Still, Herbert’s picture poems leave hints. In one poem, “The Windows,” the speaker compares his ideal spiritual state to a stained glass window that infuses God’s word with “Doctrine and life, colors and light.” Mere speech, meanwhile, “Doth vanish like a flaring thing, / And in the ear, not conscience, ring.” To Herbert, stained glass windows were not dangerous idols but rather symbols of the color and light of God in people’s souls—and they were even better than words.

The effects of the English Reformation could still be felt in Herbert’s time in the form of Puritan factions. A splinter group that rejected holdovers from Catholicism in the Church of England’s practices, the Puritans championed iconoclasm and pushed for more drastic religious reforms. As Puritan clergyman Henry Ainsworth wrote in 1611, worshipping images meant “mixing men’s ‘own inventions’ with the ordinances of God” and amounted to service of the devil.
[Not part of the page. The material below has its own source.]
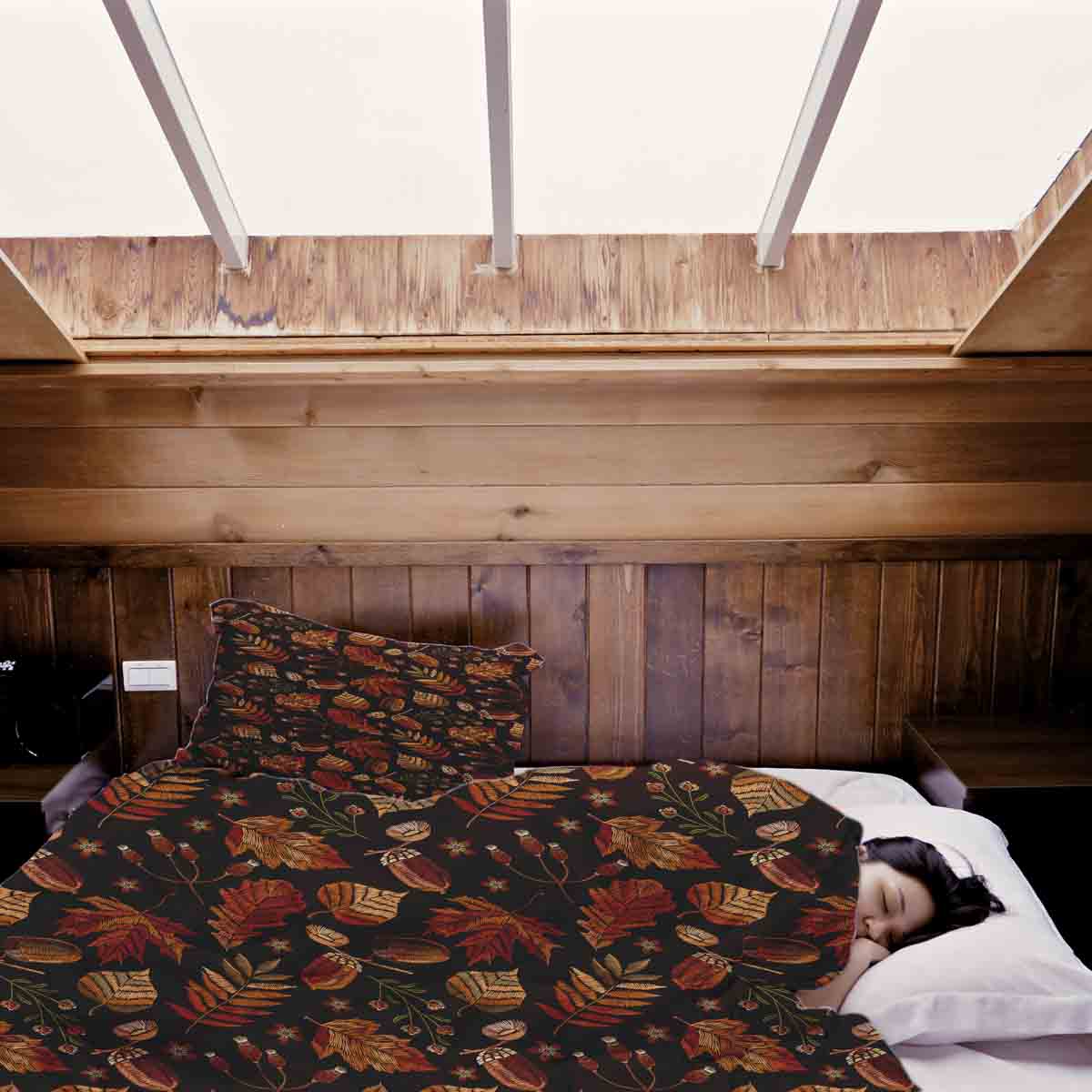 Set di biancheria da letto con coperte terapeutiche foglie autunnali marroni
The changing tide of the English church’s practices and attitudes aside, Herbert’s remarkable shaped poetry was part of a much longer tradition. In Europe, poets had shaped their words into pictures—and religious pictures in particular—since ancient times. The Temple also had early medieval ancestors called figural or figured poems.

A figured poem by the ninth-century Frankish poet Rabanus Maurus
A figured poem by the ninth-century Frankish poet Rabanus Maurus British Library
A figured poem by Maurus
A figured poem by Maurus Public domain via Wikimedia Commons

These compositions look like modern word searches. They feature colored images drawn over grids of letters. Figured poems are doubly impressive because, unlike word searches, the background grid doesn’t just consist of random letters, but text in Latin. So, each figured poem actually contains two poems: one in the background grid and a second inside the pictures drawn over the grid. One such poem by the ninth-century Frankish writer Rabanus Maurus features a worshiper kneeling beneath a cross. The words inside the drawing of the worshiper, “Rabanum memet clemens rogo Christe tuere o pie judicio,” translate to “Christ, o pious and merciful in your judgment, keep me, Rabanus, I pray, safe.

That Herbert’s beautiful poems are part of a lengthy history speaks to the power of human imagination. Ultimately, the English Reformation’s tyrannical stranglehold on images was no match for the fact that people’s minds are always painting pictures. In place of the images the iconoclasts destroyed, new and inventive art grew. These poems also survive as evidence that, while literature draws pictures in the mind, some writers also quite literally used words to draw pictures on the page.